» **Exercise objective**
Apart from the pictures, return every line of the listing exactly.

» **Data shown**
##############################
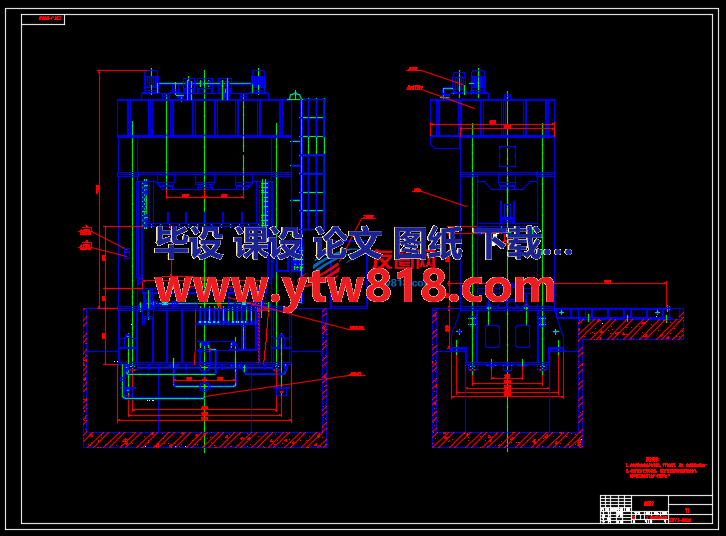 800吨冲压机CAD图纸
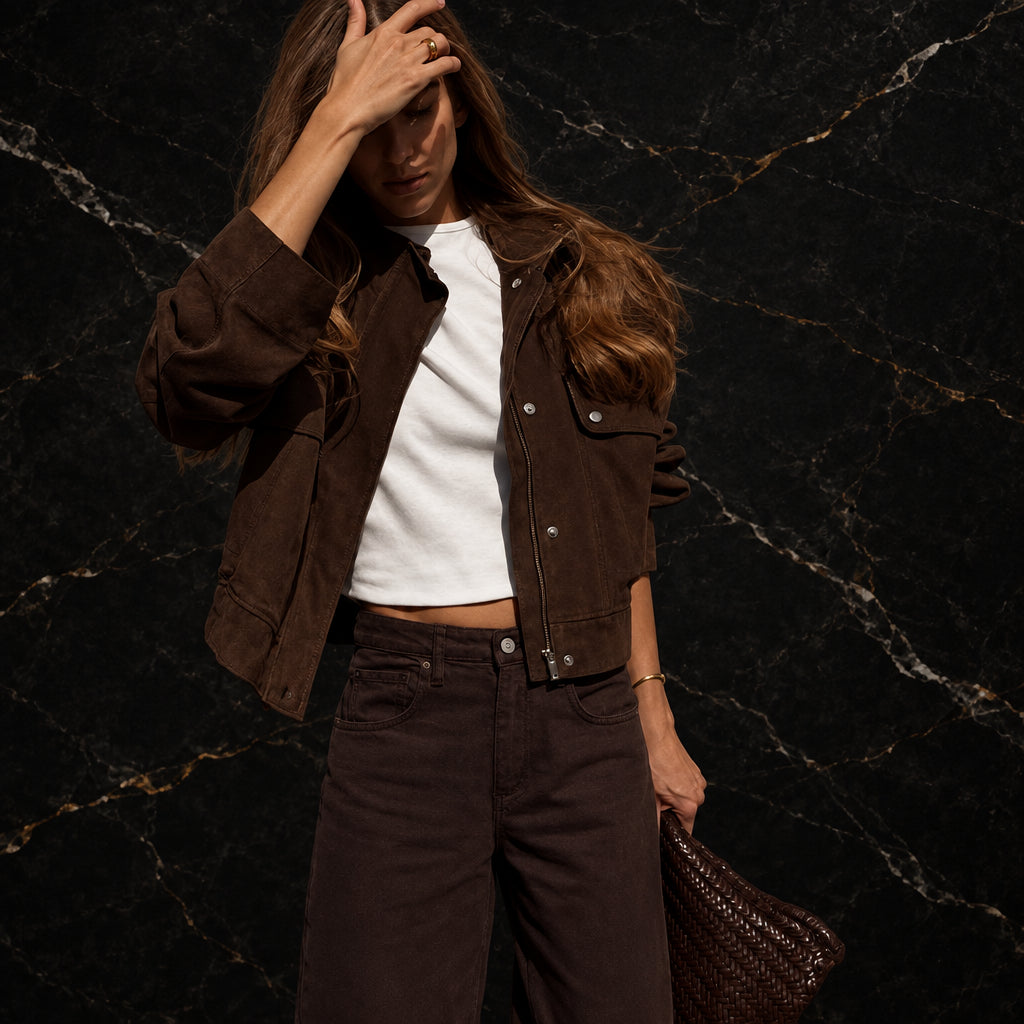 Women’s Brown Zip-Front Turtleneck Jacket Zenflow Active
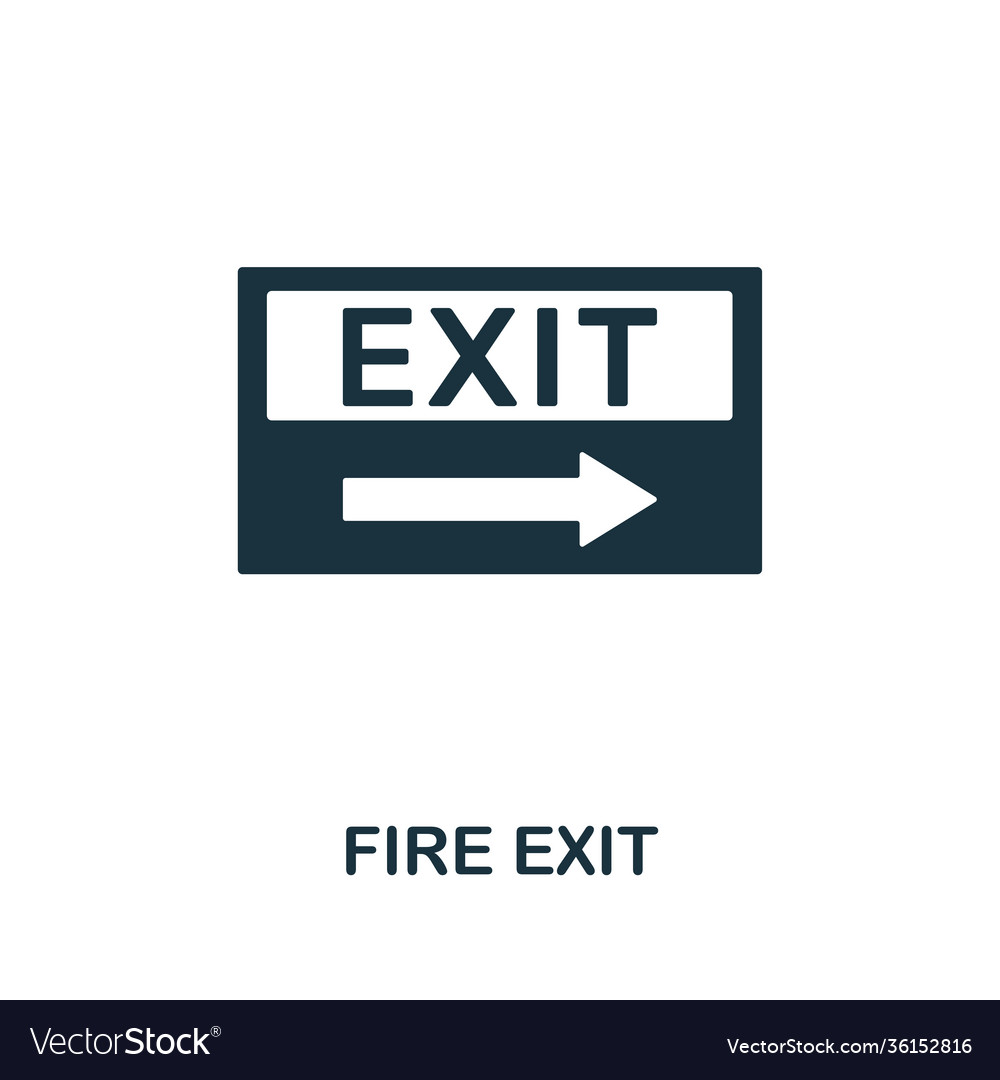 Fire exit icon creative element design from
##############################
» **Final answer**
 800吨冲压机CAD图纸
 Women’s Brown Zip-Front Turtleneck Jacket Zenflow Active
 Fire exit icon creative element design from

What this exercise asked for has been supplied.